I am only a diy'er but I've thought the same as well, why have to mess about with tapered threads and PTFE etc etc when there MUSt be a better way ? I just presumed that, with me being a diy'er, there must be a good engineering reason for it that I don't know ?
 
1. There are better ways, such as having a flat face to seat on and an "O" ring or flat rubber seal.
2. However, they are more expensive to produce than a rough and ready thread.
3. It is more difficult to produce a female tapered thread than a male tapered thread, which is why you normally find the female thread is plain, and only the male is tapered.

For the OP, check if Flomasta pipe seal will work with stainless steel (I think its fine, but probably not to be used with plastic). If it does then:
a. Clean male and female threads thoroughly.
b. Run a bead of pipe seal round the second, third and fourth threads of the male threaded part.
c. Screw together and leave in the correct orientation. Do this within a few seconds of application.
d. Leave for 1/2 hour and you've got a water tight seal and the right orientation.
 
Thanks for the reply @oldbuffer it's appreciated and sorry for the late reply and thanks from me but got caught up in some other stuff which took me away from the bathroom rad. I'll report back once I've had a go at it with how successful I was - cheers.
 
I've been in touch with their technical department and one of their guys suggested using some Milliput on the threads to seal them

The daftest idea I have heard this week so far. It is totally unsuitable, and impractical - there is no way you could possibly get it to stay put on the threads, long enough to even begin to screw the fitting in.
 
The daftest idea I have heard this week so far. It is totally unsuitable, and impractical - there is no way you could possibly get it to stay put on the threads, long enough to even begin to screw the fitting in.
I'm glad you said that Harry coz having never used it before (although I'd heard of it) and watching how it's applied etc on several youtube videos, I thought to myself it's time to either get the pros in or tell our lass we're having a different rad in the bathroom :LOL: I certainly wouldn't have even contemplated trying it tbh. The guy from Pitacs seemed to believe in it though and said he'd tried it himself :unsure:

Anyway, when I tested the tapered joint portion of the elbows, that I'd put together as normal with loads of PTFE, they hadn't sealed properly either :mad: (think I didn't nip them up enough really as I was a bit nervous of them getting damaged so prolly my fault) so I've dismantled them, cleaned them up and re-assembled them with a bit of the Flomasta thread seal so I'll have a test-bed to make sure that it's worked OK. I followed @oldbuffer's instructions and put some on the three threads then nipped them up reasonably tight with my Allen Key but will leave them until tomorrow before I test them.

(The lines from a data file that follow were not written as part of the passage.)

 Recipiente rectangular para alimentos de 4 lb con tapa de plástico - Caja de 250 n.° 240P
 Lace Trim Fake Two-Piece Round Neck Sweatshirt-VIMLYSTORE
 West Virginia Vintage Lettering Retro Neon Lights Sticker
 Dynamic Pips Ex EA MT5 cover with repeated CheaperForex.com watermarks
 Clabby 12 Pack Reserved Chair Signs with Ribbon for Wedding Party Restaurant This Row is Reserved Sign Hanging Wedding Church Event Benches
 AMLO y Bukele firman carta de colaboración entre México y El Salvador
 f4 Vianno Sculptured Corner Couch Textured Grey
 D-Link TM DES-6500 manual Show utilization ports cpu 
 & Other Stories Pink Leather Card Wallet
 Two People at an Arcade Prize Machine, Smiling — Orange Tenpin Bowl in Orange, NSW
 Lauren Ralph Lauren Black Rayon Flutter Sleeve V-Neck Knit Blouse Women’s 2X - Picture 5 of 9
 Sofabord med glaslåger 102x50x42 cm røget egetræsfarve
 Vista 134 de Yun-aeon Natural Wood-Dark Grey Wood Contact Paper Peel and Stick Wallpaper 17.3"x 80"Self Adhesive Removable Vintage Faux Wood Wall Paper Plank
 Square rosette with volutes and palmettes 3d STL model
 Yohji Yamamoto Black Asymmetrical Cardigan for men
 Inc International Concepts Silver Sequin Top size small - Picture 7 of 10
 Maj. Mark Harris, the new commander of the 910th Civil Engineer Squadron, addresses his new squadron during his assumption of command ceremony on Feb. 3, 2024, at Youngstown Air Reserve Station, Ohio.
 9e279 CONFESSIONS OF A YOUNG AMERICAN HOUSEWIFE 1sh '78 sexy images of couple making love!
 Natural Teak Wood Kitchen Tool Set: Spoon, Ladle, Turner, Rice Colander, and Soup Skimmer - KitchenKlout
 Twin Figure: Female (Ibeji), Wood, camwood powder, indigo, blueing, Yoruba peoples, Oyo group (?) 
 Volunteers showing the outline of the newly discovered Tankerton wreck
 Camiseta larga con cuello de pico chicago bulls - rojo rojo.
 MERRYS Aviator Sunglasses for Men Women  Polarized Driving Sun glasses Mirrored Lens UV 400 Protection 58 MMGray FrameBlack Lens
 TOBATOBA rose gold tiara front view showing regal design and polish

Fingers crossed they'll be OK (y)

Thanks again for the advice guys, much appreciated.
 
So, bit of an update. Some good, some bad :unsure: . The thread seal worked perfectly so I'm well chuffed about that. Hopefully, it'll be just as successful on the rad elbows :whistle:. The Ultraheat Elbows however, not so good :( put the joint together with a brass olive coz I'm using chrome pipe, half a turn after the olive had caught the pipe as I always do and my bloody spanner shot off the nut ! I thought maybe the nut had rounded-off but no, the thread on the fitting had gone oval and warped the nut with it o_O. Thankfully, it's sealed OK but I can only assume that with the elbows being S/Steel, they ain't up to the job of withstanding the forces put on them by tightening the nut.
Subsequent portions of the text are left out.